REQUIRED WORK: For this exercise, output exactly and only the lines running from the one with "Niedlich Holiday Mastodon" through the final line of the data below, without pictures.

EXERCISE INPUT:
=== Begin Enclosure ===

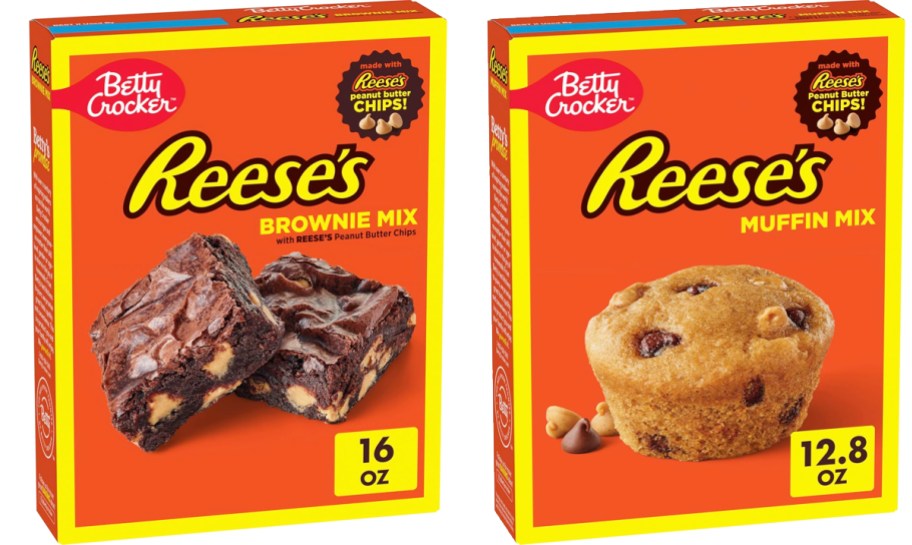 Reese's Brownie and Muffin baking mix boxes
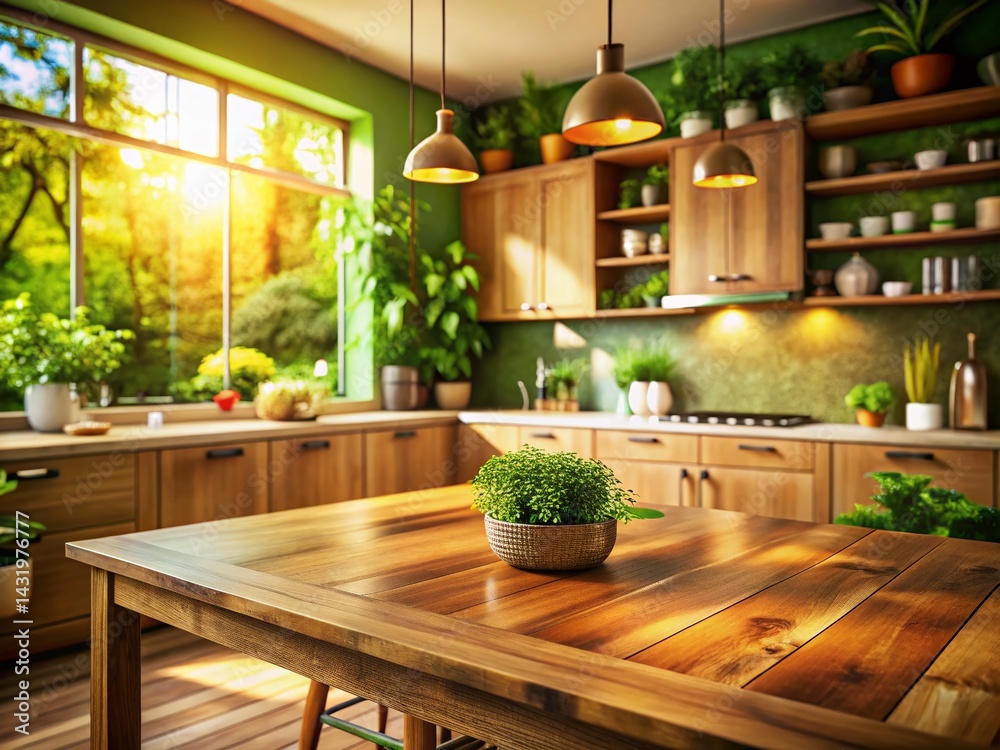 Warm Wooden Kitchen Table with Blurred Plants & Cabinets - Stock Photo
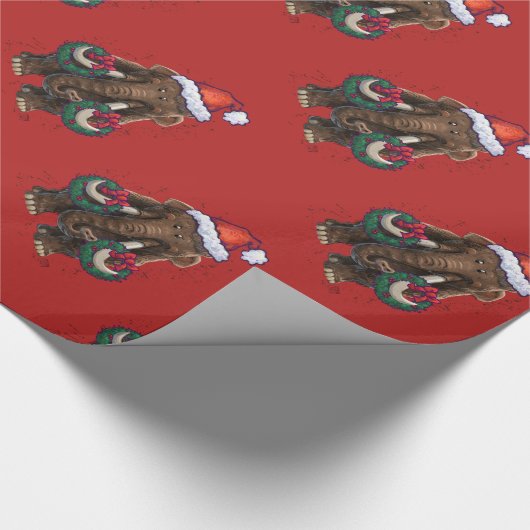 Niedlich Holiday Mastodon Geschenkpapier (Ecke)
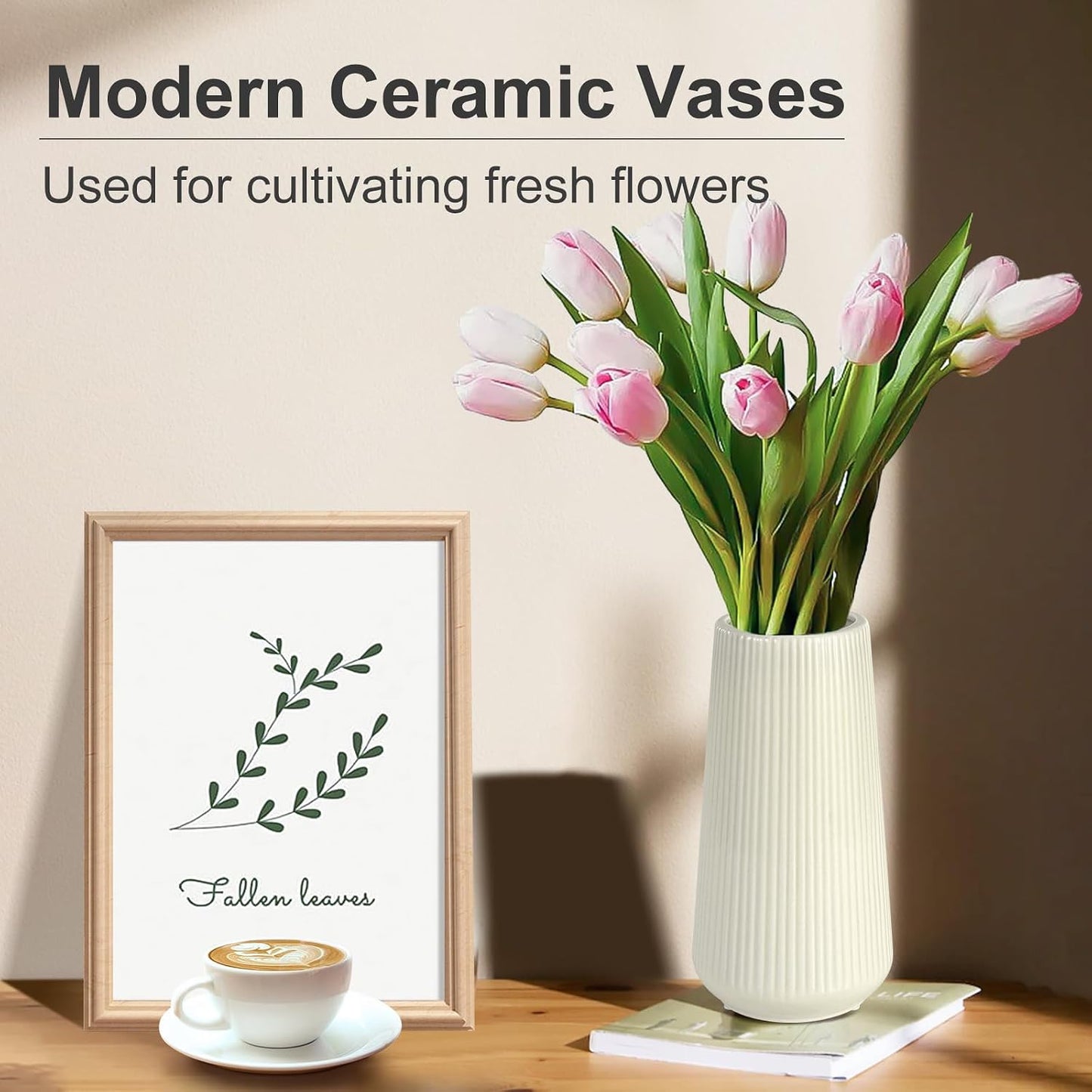 White Ceramic Vase, GUKJOB Small Cute Flower Vase for Pampas Grass, Home, Living Room, Dining Table, Farmhouse, Office Decor, Bedroom, Table, and Kitchen Shelf (White- 2PCS)
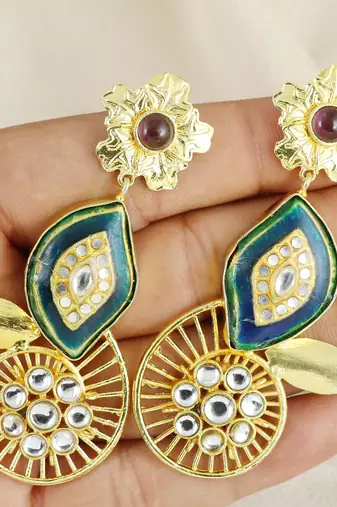 Gold finish polki meena earrings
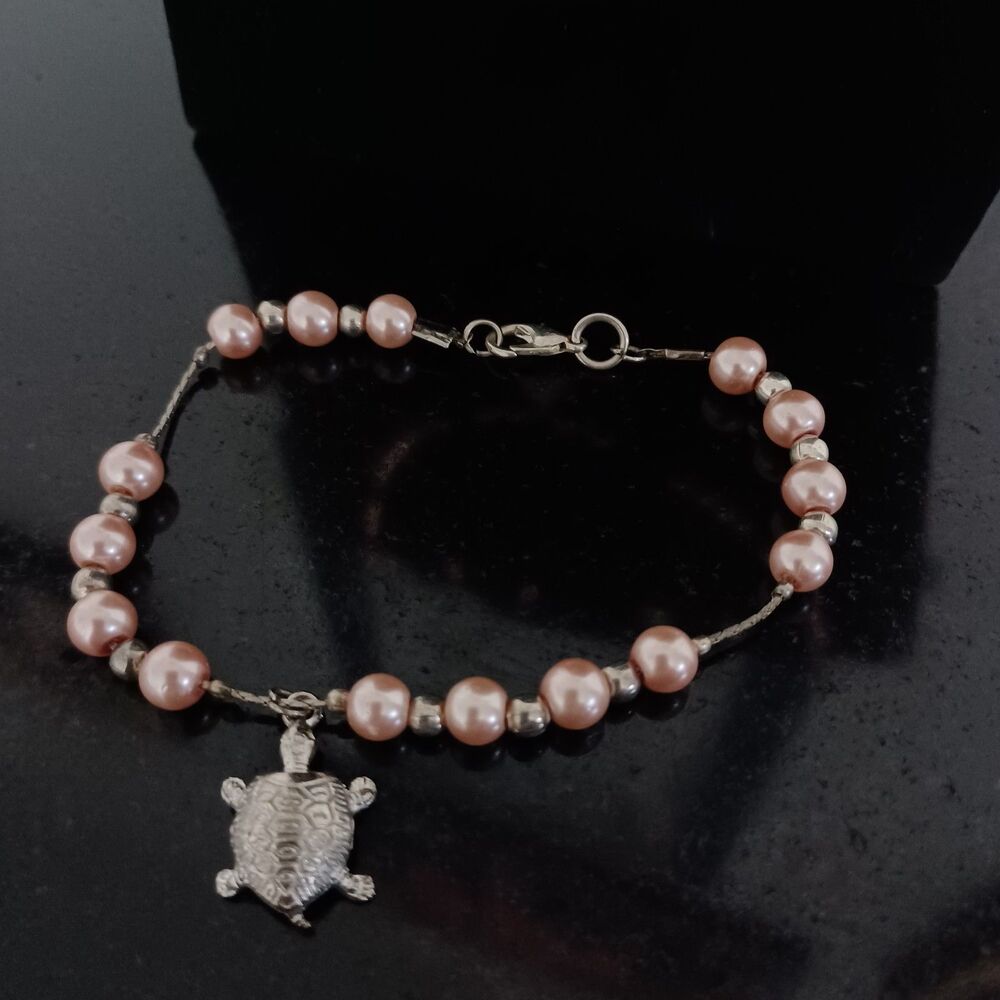 Silver-Toned Turtle & Pink Beaded Jewelry Set, 20" - Picture 3 of 3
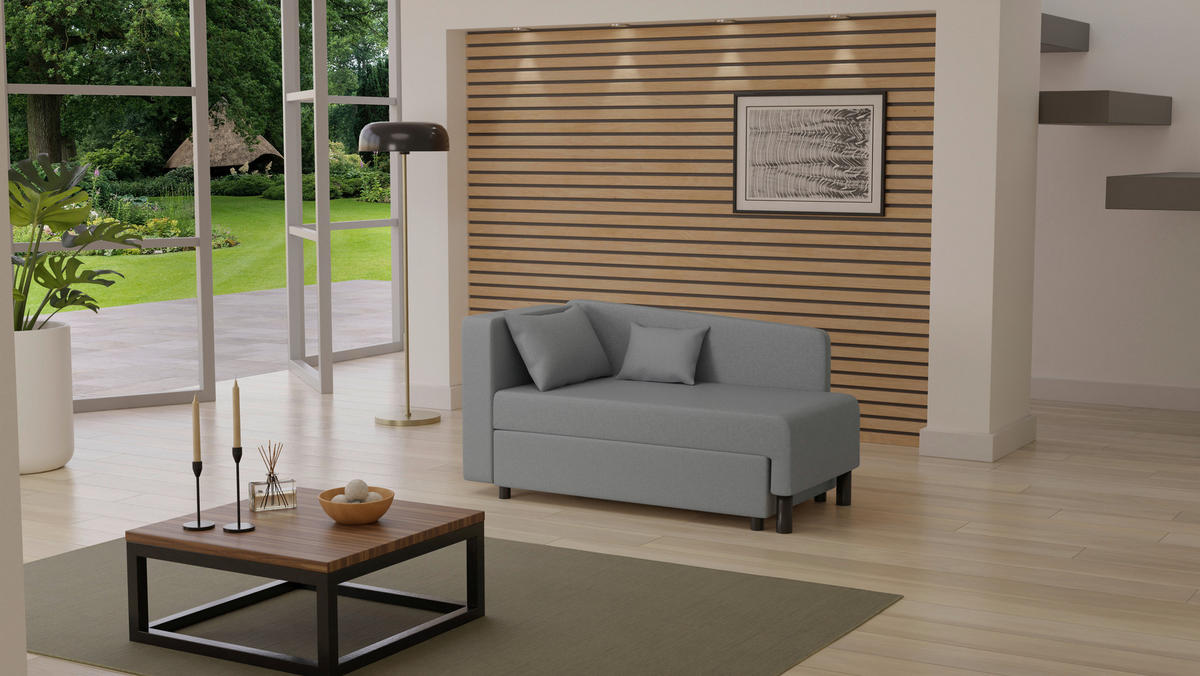 Recamiere Lübeck grau B/H/T: ca. 148x75x85 cm Lübeck - schwarz/grau (148,00/75,00/85,00cm)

=== End Enclosure ===

SOLVED EXERCISE:
 Niedlich Holiday Mastodon Geschenkpapier (Ecke)
 White Ceramic Vase, GUKJOB Small Cute Flower Vase for Pampas Grass, Home, Living Room, Dining Table, Farmhouse, Office Decor, Bedroom, Table, and Kitchen Shelf (White- 2PCS)
 Gold finish polki meena earrings
 Silver-Toned Turtle & Pink Beaded Jewelry Set, 20" - Picture 3 of 3
 Recamiere Lübeck grau B/H/T: ca. 148x75x85 cm Lübeck - schwarz/grau (148,00/75,00/85,00cm)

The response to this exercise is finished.